Marketing Advisor Update

Sales and marketing tips, insights and advice for service businesses amd companies selling complex or technical products.

Tuesday, June 16, 2009

Use a Competitive Analysis to Win More Business.

[This article is a segment from one of the bonus reports you get when you subscribe to The Assassin Analogy sales improvement strategies.]

You must clearly understand how your services or products compare to competitors.

This competitive analysis should be done from the client's perspective. Be objective. Don't limit your findings.

Some people fall in love with what they are selling. This can be a real trap for technical staff who are absorbed by how good (or how complex) their product or service is.

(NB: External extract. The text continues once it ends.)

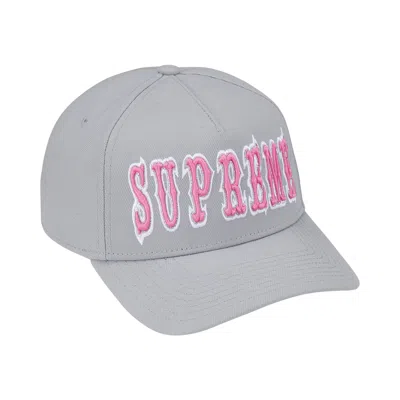 Pre-owned Supreme Gothic Outline Adjustable New Era 'grey' | Men's Size 7.5 In Gray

They can get so mesmerised by what they are offering they create a 'halo effect' in their mind around their products or services.

Note: A 'Halo Effect' is when you allow positive factors to cover up, or obscure, potentially detrimental attributes of your solution. Essentially you create a halo that prevents you from seeing any shortcomings of your product or service.

This can stop you from being critical and making a realistic assessment of what your client will see and think when they review your offer.

Compare Your Competitors Like Your Prospect Does

One method of undertaking a competitive analysis is to use a Weighted Competitive Value Chart. (Example available upon request.)

In this chart you list the key features and related benefits ('potential' benefits). Then you assign an Importance Factor (from 1 to 10) against each key feature/benefit.

The subjective part of this analysis is to make a judgement about your main competitors and give each competitor a Performance Weighting for each key feature/benefit (1 being 'weak' to 10 being 'strong').

When the Importance Factor is multiplied by the relative Performance Weighting the resulting variables can be ranked to give an indication of which competitor might stack up most favourably from the clients perspective.

Create Strong Selling Statements

Whilst this analysis may be seen to be somewhat academic, the real benefit for you is you can start to create your key selling statements that will either:

(A) Establish or reinforce your market leadership; or

(B) Clearly explain any obvious differences to minimise any detrimental impact of potentially stronger competitors.

This competitive analysis will also give you extra confidence if (or when) you are asked by prospects to explain or compare your products or services against others on the market.